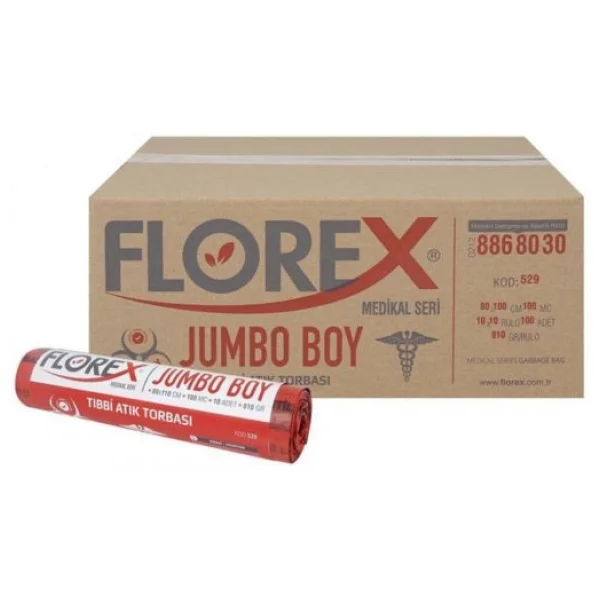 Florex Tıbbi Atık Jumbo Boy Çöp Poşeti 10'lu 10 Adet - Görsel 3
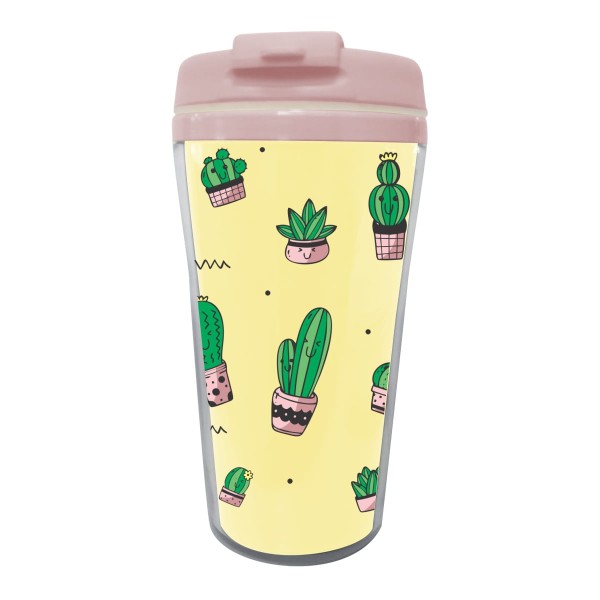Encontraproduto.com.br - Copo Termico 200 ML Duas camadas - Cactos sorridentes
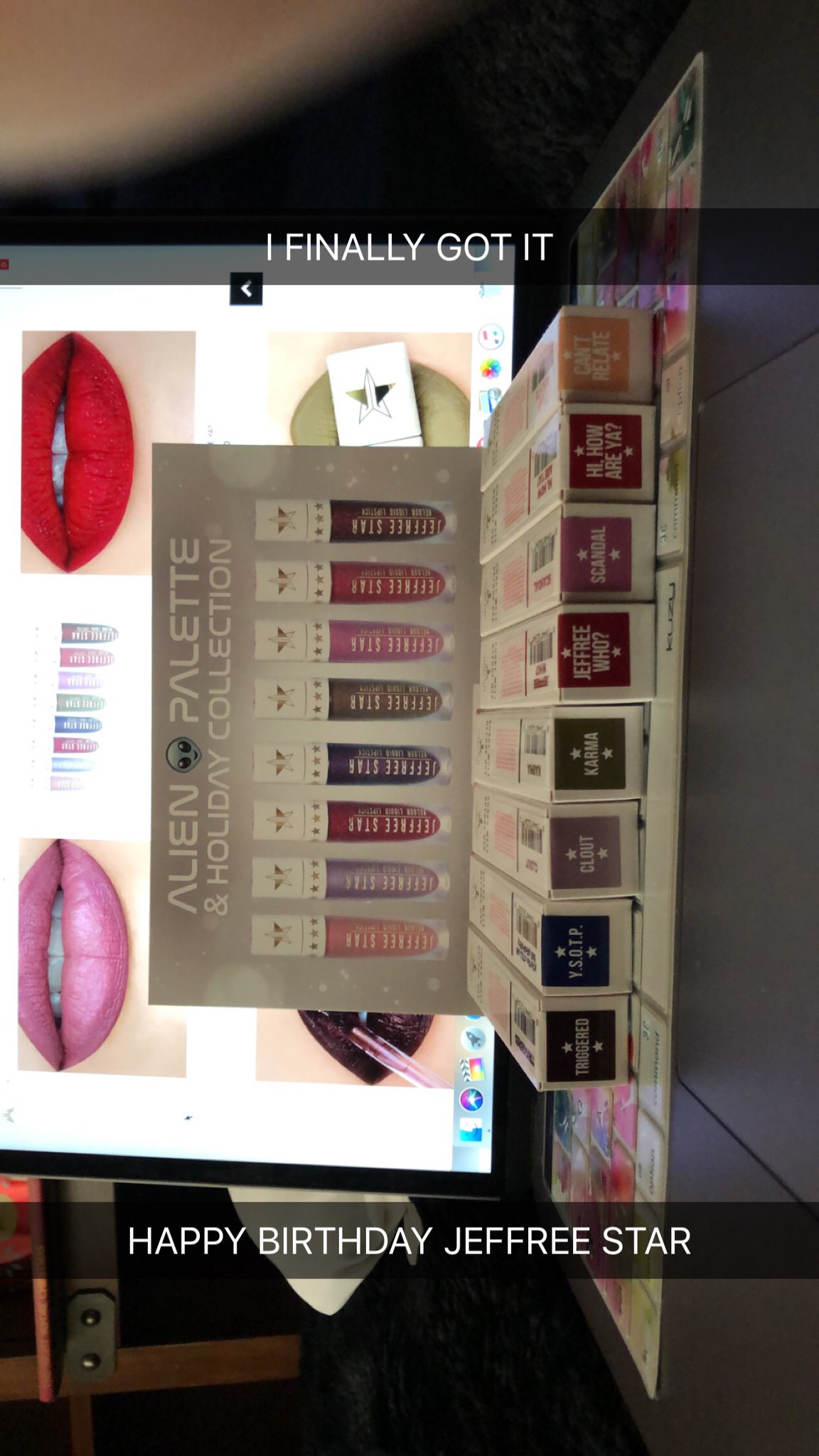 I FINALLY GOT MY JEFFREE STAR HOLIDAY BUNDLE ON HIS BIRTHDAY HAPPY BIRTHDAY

## Directions
Once the pictures are set aside, repeat the data above exactly.

## Solution to this problem
 Florex Tıbbi Atık Jumbo Boy Çöp Poşeti 10'lu 10 Adet - Görsel 3
Encontraproduto.com.br - Copo Termico 200 ML Duas camadas - Cactos sorridentes
 I FINALLY GOT MY JEFFREE STAR HOLIDAY BUNDLE ON HIS BIRTHDAY HAPPY BIRTHDAY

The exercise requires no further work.